We're driving, somewhere, in a car.

This is the perfect opportunity to get some private time together and talk. We didn't just get in the car and drive around aimlessly. There's a place we have to get to, a place we would have driven to anyway. This then is the perfect opportunity to combine two things: driving to where we're going, and talking. If we weren't having this conversation, we'd be having another one. If it wasn't me who was the party to this conversation, it would have been someone else.

I'm fascinated by his ideas about our internal states  - you know, our feelings, our moods  etc, all those emotional experiences which seem to come over  us whether we want them to or not. I really get where he's coming from when he speaks, in contradistinction to being overcome by our internal states, about mastery as "living life where it actually happens" ie as "living life out-here". In this regard, the best way to not embolden the internal states is to simply leave them alone and just ... be ... out  ... HERE. As for a powerful statement with which to address the internal states, (which is to say, as for a powerful statement to try on  with which to address the internal states), how about "So what?!"?

Now, not everyone is going to warm immediately to "So what?!" addressed to their own internal states. But for those who do warm to it, for those who do get it, it's truly awesome - completely, totally, and utterly awesome. That's really something, actually: to be able to look inside your own head  (so to speak), and to be big enough  to be able to say, above all the cacophony of noise produced by all the internal states vying for your attention, "So what?!".

If after trying it on, "So what?!" isn't palatable, or if it lands as unnecessarily harsh or callous (it's actually neither, but if it lands  that way for you), then "Thank you for sharing!" works just as well. But listen: both "So what?!" and "Thank you for sharing!" will only start gaining lasting leverage and power once you've become familiar with and grounded in his distinction "out-here" as the context for both statements "So what?!" and "Thank you for sharing!".

Then, by now well into the conversation, after a long pause he says slowly and deliberately "You don't ask 'Why me?' when it's raining.".

He's not looking at me when he says it. He's looking out the window at something I can't determine other than it's somewhere in the far distance. When he says it, what he's implying ie what he's getting at, hits me like a thunderbolt. It's an occasion mirrored exactly in the daily goings on of a Zen monastery. I'm momentarily caught off guard. The master, leaping out of hiding when I'm least expecting him (the Zen master's training mostly targets attention lapses), whacks me on the shoulder with a wooden broadsword. A link in the chain which binds my existing epistemology  in place, snaps - it simply snaps.
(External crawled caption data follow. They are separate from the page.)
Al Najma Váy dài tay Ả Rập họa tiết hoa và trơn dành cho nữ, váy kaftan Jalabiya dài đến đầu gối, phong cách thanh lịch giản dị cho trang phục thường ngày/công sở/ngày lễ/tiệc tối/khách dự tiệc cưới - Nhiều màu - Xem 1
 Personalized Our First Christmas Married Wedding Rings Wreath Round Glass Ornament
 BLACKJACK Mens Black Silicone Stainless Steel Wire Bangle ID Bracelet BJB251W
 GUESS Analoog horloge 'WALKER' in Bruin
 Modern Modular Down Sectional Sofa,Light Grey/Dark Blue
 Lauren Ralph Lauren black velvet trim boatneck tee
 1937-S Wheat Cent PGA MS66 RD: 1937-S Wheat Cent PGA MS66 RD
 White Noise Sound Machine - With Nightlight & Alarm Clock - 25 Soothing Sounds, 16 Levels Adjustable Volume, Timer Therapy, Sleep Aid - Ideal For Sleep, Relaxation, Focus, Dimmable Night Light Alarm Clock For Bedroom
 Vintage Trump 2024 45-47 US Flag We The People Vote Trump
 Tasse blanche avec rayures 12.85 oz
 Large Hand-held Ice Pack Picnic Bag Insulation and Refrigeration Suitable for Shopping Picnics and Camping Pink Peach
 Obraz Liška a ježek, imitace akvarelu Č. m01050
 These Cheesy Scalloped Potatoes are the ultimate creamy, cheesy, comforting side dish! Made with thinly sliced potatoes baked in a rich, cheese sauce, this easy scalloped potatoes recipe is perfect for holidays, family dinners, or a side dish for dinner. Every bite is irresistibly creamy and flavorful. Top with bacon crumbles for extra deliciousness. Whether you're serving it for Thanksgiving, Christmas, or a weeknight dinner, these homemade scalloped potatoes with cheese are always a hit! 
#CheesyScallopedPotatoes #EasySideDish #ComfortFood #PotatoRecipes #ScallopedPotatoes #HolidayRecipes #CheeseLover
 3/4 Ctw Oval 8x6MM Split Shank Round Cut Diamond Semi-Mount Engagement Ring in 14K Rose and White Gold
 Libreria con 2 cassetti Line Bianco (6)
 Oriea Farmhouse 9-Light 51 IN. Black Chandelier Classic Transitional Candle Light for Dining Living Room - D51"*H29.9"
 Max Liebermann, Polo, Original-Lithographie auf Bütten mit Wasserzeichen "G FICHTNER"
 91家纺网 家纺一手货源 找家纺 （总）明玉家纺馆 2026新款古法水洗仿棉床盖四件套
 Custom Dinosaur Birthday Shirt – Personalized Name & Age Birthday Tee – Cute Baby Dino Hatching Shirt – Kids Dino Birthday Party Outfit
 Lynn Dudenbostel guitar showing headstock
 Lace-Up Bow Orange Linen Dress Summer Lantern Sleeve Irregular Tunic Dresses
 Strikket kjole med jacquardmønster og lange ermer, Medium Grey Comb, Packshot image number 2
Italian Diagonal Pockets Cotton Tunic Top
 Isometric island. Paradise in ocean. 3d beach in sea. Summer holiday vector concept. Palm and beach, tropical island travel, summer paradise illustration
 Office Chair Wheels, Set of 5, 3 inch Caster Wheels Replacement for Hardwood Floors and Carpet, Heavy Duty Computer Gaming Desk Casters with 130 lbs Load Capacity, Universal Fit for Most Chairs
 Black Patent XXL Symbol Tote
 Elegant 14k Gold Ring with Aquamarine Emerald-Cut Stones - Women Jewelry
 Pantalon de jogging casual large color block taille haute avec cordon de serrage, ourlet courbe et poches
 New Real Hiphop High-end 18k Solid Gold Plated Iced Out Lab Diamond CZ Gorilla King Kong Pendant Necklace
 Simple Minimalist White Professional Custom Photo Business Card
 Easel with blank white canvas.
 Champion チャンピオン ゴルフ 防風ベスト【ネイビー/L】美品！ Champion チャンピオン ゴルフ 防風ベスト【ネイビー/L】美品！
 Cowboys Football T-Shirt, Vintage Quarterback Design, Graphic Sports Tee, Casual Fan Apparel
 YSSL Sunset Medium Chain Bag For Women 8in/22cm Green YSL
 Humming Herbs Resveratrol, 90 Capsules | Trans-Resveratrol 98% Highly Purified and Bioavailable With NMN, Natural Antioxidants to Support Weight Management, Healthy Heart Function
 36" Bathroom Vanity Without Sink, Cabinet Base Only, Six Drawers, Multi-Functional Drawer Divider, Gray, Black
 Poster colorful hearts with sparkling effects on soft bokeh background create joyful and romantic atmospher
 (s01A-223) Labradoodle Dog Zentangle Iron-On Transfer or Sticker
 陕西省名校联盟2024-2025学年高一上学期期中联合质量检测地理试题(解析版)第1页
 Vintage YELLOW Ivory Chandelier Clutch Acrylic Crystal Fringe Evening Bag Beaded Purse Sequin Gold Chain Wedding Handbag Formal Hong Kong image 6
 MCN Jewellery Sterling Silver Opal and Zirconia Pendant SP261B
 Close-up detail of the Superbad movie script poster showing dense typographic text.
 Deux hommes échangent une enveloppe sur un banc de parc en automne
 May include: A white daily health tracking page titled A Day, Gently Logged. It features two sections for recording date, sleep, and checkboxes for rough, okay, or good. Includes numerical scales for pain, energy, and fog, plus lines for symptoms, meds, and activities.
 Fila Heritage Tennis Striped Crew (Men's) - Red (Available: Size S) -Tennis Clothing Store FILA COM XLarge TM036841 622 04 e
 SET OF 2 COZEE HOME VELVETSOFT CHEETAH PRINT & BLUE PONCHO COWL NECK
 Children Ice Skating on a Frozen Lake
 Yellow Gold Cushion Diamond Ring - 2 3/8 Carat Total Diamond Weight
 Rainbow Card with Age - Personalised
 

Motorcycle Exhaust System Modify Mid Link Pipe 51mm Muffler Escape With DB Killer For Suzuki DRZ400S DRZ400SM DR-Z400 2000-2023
What?!  I can't believe it. Did he just equate my feelings, my moods etc did he just equate all those emotional experiences and internal states which seem to come over me whether I want them to or not, with the weather?  ... and the weather isn't personal  - like "You don't ask 'Why me?' when it's raining"?

It's an idea with enough power to totally alter my experience of living as I know it ie to totally alter our  experience of living as we  know it.

And he's right: I don't  ask "Why me?" when it's raining. I do, however, ask "Why me?" (in some form or another) when those feelings, moods, and emotional experiences come over me ie when those internal states run wild. I do, in spite of myself, take them personally. His idea, on the other hand, regards them just like the changing weather which never evokes a "Why me?" from me, and for which there's never any suggestion I take it personally.

It's rocking my world. At first, all I can say is "Wow! ...". Then I start to speak more - but I change my mind and remain silent instead. There's actually nothing else to say. For the first time I notice the quiet purr  of the car's engine. He's still looking out the window at something I don't know in the far distance. This is one of those marvelous out of time moments when the car seems to be standing still and it's the road which is coming fast toward us.